Senin, 24 Februari 2014

Ujian Kenaikan Pangkat

Kalau kita sudah menjalankan kewajiban sebagai umat islam dan dilengkapi dengan sunah - sunah yang dianjurkan tetapi hidup kita masih terasa serba kurang, syukurillah, karena Allah sedang memberikan ujian kepada kita. Ujian untuk kenaikan pangkat. Kalau tak lulus dalam ujian bagaimana mau naik pangkat?

Ahh ujian, jadi ingat semasa sekolah ketika dulu ujian negara untuk mendapat selembar ijazah yang sampai sekarang belum pasti fungsinya untuk apa.
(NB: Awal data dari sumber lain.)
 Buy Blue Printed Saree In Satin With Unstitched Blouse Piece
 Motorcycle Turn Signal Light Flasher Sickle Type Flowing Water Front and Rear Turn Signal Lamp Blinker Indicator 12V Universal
Dijadikan pajangan pun tak indah dipandang, walau dilengkapi dengan figura harga ratusan ribu, foto 3 x 4 yang menempel dibagian bawah ijazah itu tak akan berubah. Tetaplah berwajah culun.

Waktu itu ujian negara hanya terdiri dari paket A dan B. Konon kabarnya untuk membatasi penyakit mencontek yang sudah turun temurun dan beranak binak dari nenek moyang dulu sampai sekarang. Ehh namanya juga Indonesia dengan segala beragam keunikannya, mau dibagi paket soal menjadi dua bagian pun tetap saja mencontek bisa dilakukan. Nah, belakangan aku dengar kabar ujian negara tahun kemarin sudah menjadi dua puluh empat paket. Aku cekikikan saja dengar kabar itu, mau paket di bagi menjadi lima puluh pun, Indonesia ya Indonesia Saja. Coba bayangkan lagi oleh kalian yang sudah merasakan ujian dengan berbagai macam paket itu, mencontek ya mencontek saja, bagaimana pun cara dan jalannya.
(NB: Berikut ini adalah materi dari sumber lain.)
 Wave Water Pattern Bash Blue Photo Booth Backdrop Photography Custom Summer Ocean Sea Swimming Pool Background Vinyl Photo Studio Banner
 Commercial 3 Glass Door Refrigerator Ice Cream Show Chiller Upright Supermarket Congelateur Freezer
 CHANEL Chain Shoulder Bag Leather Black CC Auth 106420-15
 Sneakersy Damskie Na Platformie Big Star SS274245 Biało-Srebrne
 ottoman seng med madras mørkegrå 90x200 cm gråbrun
Penguji yang paling baik itu tetap cuma Gusti Allah. Setiap kepala diberikan paket yang berbeda dalam ujiannya. Ada yang diberikan ujian paket kekurangan uang, penyakit, fitnah, bencana alam, mati lampu, signal gprs, bbm pending, sms tak dibalas, telepon tak dijawab, ban bocor, kehabisan bensin, kehujanan, aih masih banyak lagi. Apa yang diuji paket fitnah bisa mencontek dengan orang yang diuji dengan paket kekurangan uang? Tak bisa mencontekkan? Karena setiap manusia diciptakan dan dibekali dengan nasib dan takdir yang tak bisa diperkirakan. Pun diuji dengan cara yang berbeda - beda sesuai kadar keimanannya.Yang miskin makan ikan asin dan semur jengkol kalau sakit bisa sembuh dengan dikerik, tapi yang setiap hari makan makanan merk luar negeri dengan jaminan kelangkapan gizi harus berobat jauh - jauh ke luar negeri seperti Singapura, pulang ke Indonesia mati.

Jadi kalau mau naik pangkat, kita harus sama - sama bisa ikhlas dan tawakal menghadapinya. Allah kasih ujian juga untuk kebaikan diri kita, bukan untuk orang lain. Kan masing - masing juga sudah dipertanggung jawabkan setiap rezekinya sama Allah. Kalau miskin dan tiap hari cuma bisa adu mulut sama sayur asem cobalah untuk bersyukur. Paling kena penyakit mencret - mencret gara - gara sayur asemnya kebanyakan asem, tak akan kena gagal ginjal kok. Kalau sekarang merasa miskin di dunia berdoalah untuk kayak di akhirat, di surga apa saja ada.

Tapi ujian kenaikan pangkat itu cuma untuk orang - orang yang beriman dan bertaqwa. Kalau hidup semerawut itu namanya bukan ujian, tapi siksaan. Kalau sudah disiksa di dunia kita baiknya cepat - cepat betaubat, takut nanti keburu mati. Memangnya rela dipalu sama malaikat diliang kubur? Menurut hikayah, palu yang digunakan untuk menyiksa itu beratnya tak akan bisa diangkat oleh seluruh manusia yang pernah hidup di dunia.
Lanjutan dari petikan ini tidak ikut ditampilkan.